Volunteers Launch Grass Roots Advocacy Effort

A volunteer, grass roots organization involving UConn alumni, donors, faculty, staff, and friends has begun working to gain support for the University during the upcoming session of the General Assembly.

Chaired by Patrick Sheehan, a 1967 alumnus of the University and former chair of the UConn Foundation, UConn Advocates have been mapping a route they hope will lead to greater support for the University's budget and other legislative needs during the 2001 session of the General Assembly. The effort is part of a long-term program to build support for the University. State support, the advocates say, is vital for UConn to attain its goal of becoming one of the top public universities in the nation.

"We want to tell the governor and the legislature, 'You've done a great job with the University. Now, let's build on that by continuing to invest in UConn,'" Sheehan says.
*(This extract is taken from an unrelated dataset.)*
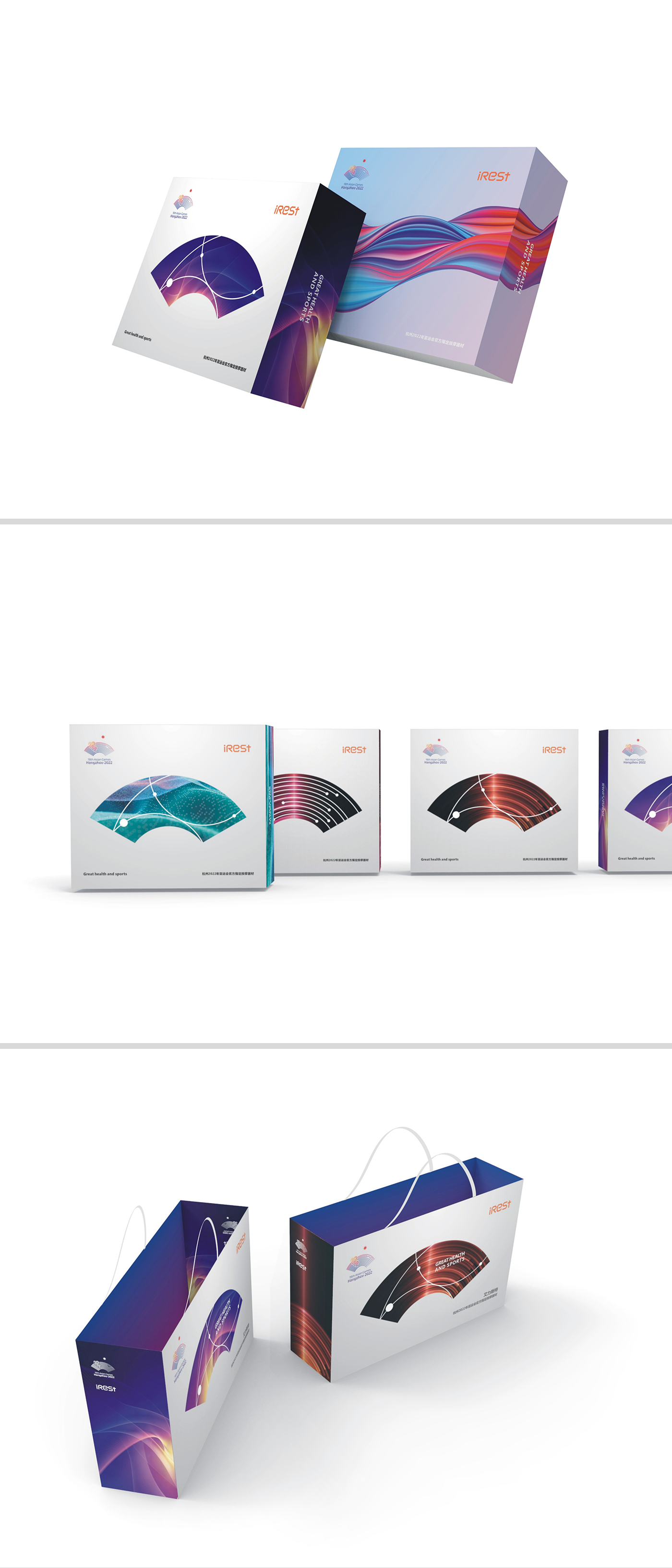 IREST按摩儀_03.png IREST按摩儀_03.png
He says members of the steering committee are concerned that work already done to rebuild the campus, structurally and academically, will be undermined unless the University's budget enables the hiring of additional faculty and staff to keep up with the enormous enrollment growth of the past few years, and also to continue offering quality programs to students. Without more faculty and staff, there will not be enough to handle the load.

"Without it, I can see us getting back into the binds we faced a few years ago," Sheehan says.

UConn Advocates is being built on a grass roots model that achieved success in the past few years. Grass roots support from tens of thousands of UConn alumni and Connecticut residents led to passage in 1995 of the UConn 2000 program, and a similar effort last year generated enough support to convince Gov. John G. Rowland and legislative leaders to approve funding for a new UConn football stadium, and provide greater support for the UConn Health Center.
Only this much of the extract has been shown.